Still here. Being dragged to lake. Finishing chores left undone. Jumping dead batteries after overhead lights are left on for a week. Getting oil changed in truck. Napping. Will return shortly.
Monday, June 23, 2008
As I was taking time to compose a post (bits and pieces over the past three days), I came across an excerpt from a book that always strikes a resonant chord: St. John Climacus's (+650) The Ladder of Perfection. Today's excerpt came from the Daily Gospel that I receive, well, daily in my inbox. It stopped my pencil. (Perhaps an old dog can learn a new trick or two.) And this refrain constantly comes to the forefront: Do not judge. Do not judge. Do not judge.
Here's the quote:
I have heard some people speak ill of their neighbour and have rebuked them.

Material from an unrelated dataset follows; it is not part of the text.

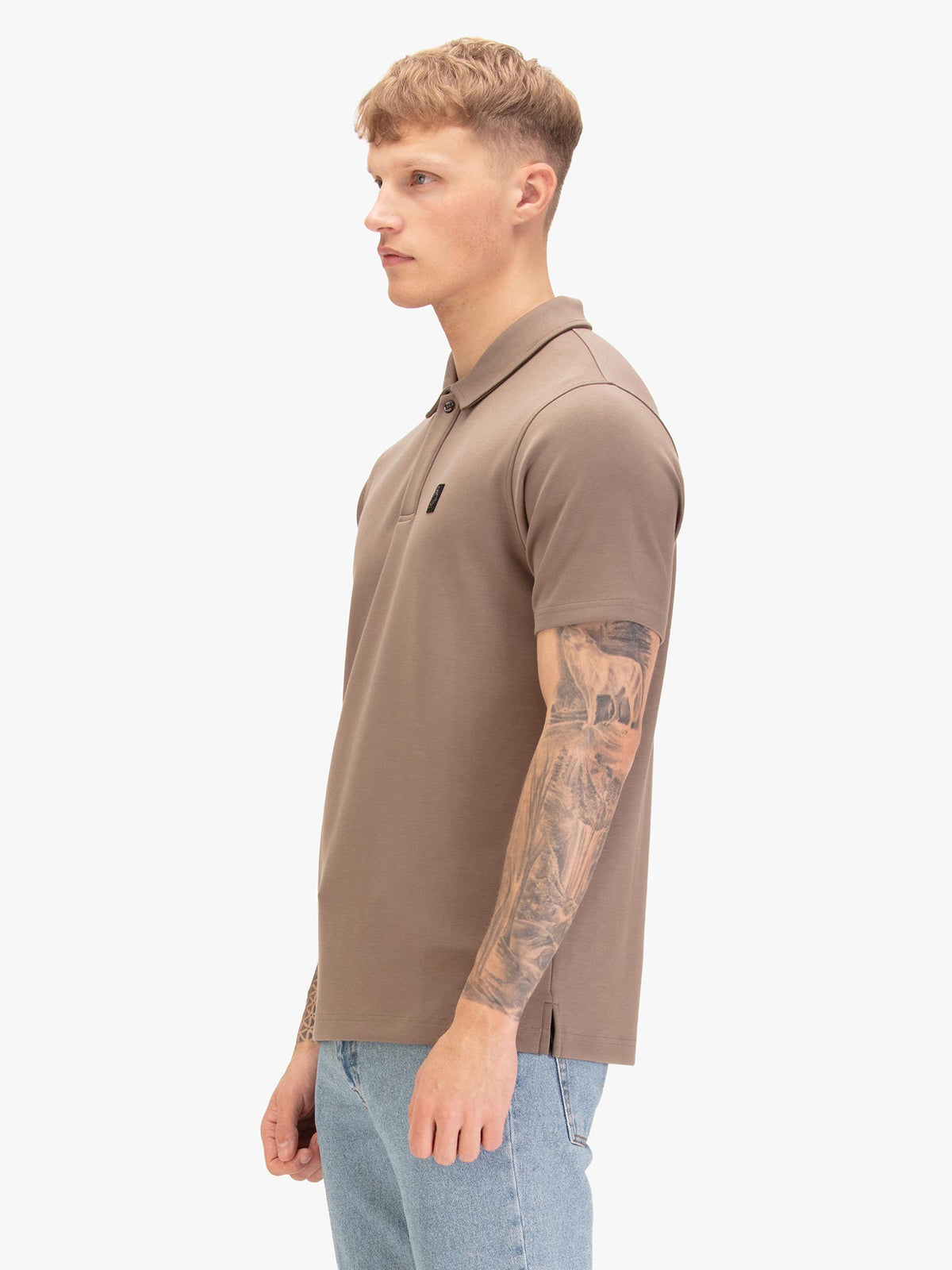 Men's brown polo shirt with polo collar, worn by a model, side view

To defend themselves, these evildoers have answered: "We are saying these things out of charity and concern!" However, I have replied: "Stop practising a charity like that or you will be accusing of deceit the one who said: 'Whoever slanders his neighbour in secret, him will I destroy,' (Ps 101,5). If you love him – as you claim – pray for him in secret and don't make a mock of the man. This is the way of loving that pleases the Lord; don't lose sight of it and you will take the greatest care not to judge sinners. Judas was of the number of the apostles and the thief was among the criminals but, in an instant, what an astonishing change! ..."
So reply to anyone who speaks evil of his neighbor to you: "Stop, brother! I myself fall into the most serious faults every day; how could I now condemn this man?" Thus you will make a twofold gain: you will heal yourself and heal your neighbor. Not judging is a shortcut towards the forgiveness of sins, if this saying is true: "Do not judge and you will not be judged" ... Some people have committed grave faults in the sight of everyone but, in secret, have carried out the greatest acts of virtue. Thus their detractors have been mistaken by focussing only on the smoke without seeing the sun ...
Those who are hastily censorious and severe fall into this delusion because they don't keep the memory and constant care of their own sins before them ... Judging others is shamelessly to usurp a divine prerogative; condemning them is to bring down our own souls ... Just as a good grape-picker eats the grapes that are ripe and does not pick those that are green, so a watchful and sensible soul carefully takes note of all the virtues he sees in others; but it is the stupid man who keeps an eye on their faults and failings.
I am a stupid man. I hate judgmentalism in others because I see it so clearly in me. Lord, have mercy.
Pray for me, St. John Climacus, that I might love truly, forgive all, and judge none.
Friday, June 20, 2008
Not what I was hoping for last night, but a mildly amusing interview anyway. By the way, when I met the good bishop he had the same clothes on, and that was three years ago. I don't know what's up with that.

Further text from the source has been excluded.